ABD Merkez Bankası (FED) çarşamba günü toplandı. Faizlerini değiştirmedi. FED Başkanı Bernanke toplantı sonrası düzenlediği basın toplantısında açıklamalar yaptı, soruları yanıtladı.
Bizim Merkez Bankası da (TCMB) dün Para Politikası Kurulu da beklenildiği gibi faizlere dokunmadı. Yayınladığı bildiride ise ileriye dönük bir mesaj da vermedi. Yeni bir söylem geliştirmedi.
Bu kararlar, açıklamalar ve uyguladıkları para politikaları çerçevesinde iki merkez bankasını karşılaştırdım. Şöyle sonuçlara vardım.
■ FED ABD ekonomisinin canlanması için büyük çaba sarf ediyor.
TCMB ise aşırı ısınan ekonomiyi soğutmaya ve cari işlemler açığını küçültmeye çalışıyor.
Aralarındaki fark FED çabalarını doğrudan kamuoyu ile paylaşırken, TCMB "aşırı ısınmayı" değil "aşırı kredi genişlemesini" önlemeye çalıştığını söylüyor. Bunu da bankaların sağlığı ya da teknik ifadesi ile finansal istikrarı korumak için yaptığının altını çiziyor.
■ Siyasi baskı iki merkez bankası üzerinde de mevcut.
ABD Başkanı başarılı olmak ve ikinci kez seçilebilmek için ekonominin canlanmasını, işsizliğin düşürülmesini istiyor. Bu iki konuda görevli merci olan FED üzerinde yoğun bir baskı uyguluyor.
Bu nedenle de FED politika faizlerini yükseltmek istese de gerçekleştiremiyor.

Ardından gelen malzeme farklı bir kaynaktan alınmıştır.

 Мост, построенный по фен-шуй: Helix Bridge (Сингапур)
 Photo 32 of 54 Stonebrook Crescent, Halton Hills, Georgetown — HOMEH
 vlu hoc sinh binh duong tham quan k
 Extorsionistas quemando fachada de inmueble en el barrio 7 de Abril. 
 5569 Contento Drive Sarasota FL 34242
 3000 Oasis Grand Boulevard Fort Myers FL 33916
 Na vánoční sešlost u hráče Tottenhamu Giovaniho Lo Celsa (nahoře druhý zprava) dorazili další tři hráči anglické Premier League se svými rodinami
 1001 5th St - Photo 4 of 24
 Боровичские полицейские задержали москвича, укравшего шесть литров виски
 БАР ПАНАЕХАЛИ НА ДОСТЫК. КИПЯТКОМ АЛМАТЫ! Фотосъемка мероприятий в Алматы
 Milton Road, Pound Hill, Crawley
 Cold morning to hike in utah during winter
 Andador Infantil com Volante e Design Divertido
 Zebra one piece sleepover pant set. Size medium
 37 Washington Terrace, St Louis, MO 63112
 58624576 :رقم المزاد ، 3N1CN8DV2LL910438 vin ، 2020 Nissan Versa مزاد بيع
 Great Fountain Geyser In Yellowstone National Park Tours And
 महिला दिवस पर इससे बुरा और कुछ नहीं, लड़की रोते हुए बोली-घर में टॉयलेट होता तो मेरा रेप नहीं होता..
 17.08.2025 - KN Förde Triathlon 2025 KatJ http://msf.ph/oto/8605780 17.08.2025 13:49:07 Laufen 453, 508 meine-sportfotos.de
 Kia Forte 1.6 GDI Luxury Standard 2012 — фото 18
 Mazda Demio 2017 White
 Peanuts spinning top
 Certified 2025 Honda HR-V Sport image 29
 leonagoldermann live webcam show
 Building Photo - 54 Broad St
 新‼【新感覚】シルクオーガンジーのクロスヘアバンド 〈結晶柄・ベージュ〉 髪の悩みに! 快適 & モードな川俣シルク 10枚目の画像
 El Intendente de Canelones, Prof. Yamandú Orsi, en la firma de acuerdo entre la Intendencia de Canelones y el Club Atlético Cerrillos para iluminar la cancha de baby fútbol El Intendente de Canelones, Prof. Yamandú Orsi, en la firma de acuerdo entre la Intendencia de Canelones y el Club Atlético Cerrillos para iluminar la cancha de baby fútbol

TCMB ise başbakandan kaynaklanan "sıfır faiz" direktifi ile köşeye sıkışmış bir durumda. Faizleri artıramıyor. Diğer para politikası araçlarını faiz silahı olamadan kullanmaya çalışıyor. Bunların da sonuçlarını bekliyor. Bekle-gör politikası izliyor.
■ Enflasyon FED için önemini koruyor. Son toplantıda fiyat artışlarının geçici olduğuna vurgu yaparken, enflasyonist eğilimlerin baskı altında tutulduğu kelimesini kullanmadı. Tehlikeyi hâlâ hissediyor.
TCMB ise enflasyon konusunda geçmişteki şahinliğini biraz hafifletmiş durumda. Orta
vadede yıllık yüzde 5 ya da 7 oranlarında fiyat artışlarını makul görüyor.
■ FED enflasyon hedeflemesine dayalı para politikasına geçmeye hazırlanıyor. Çarşamba günü toplantı sonrasındaki basın toplantısında Bernanke, sıfır faiz düzeyinin Taylor Kuralı' na uygun olduğunu söyledi.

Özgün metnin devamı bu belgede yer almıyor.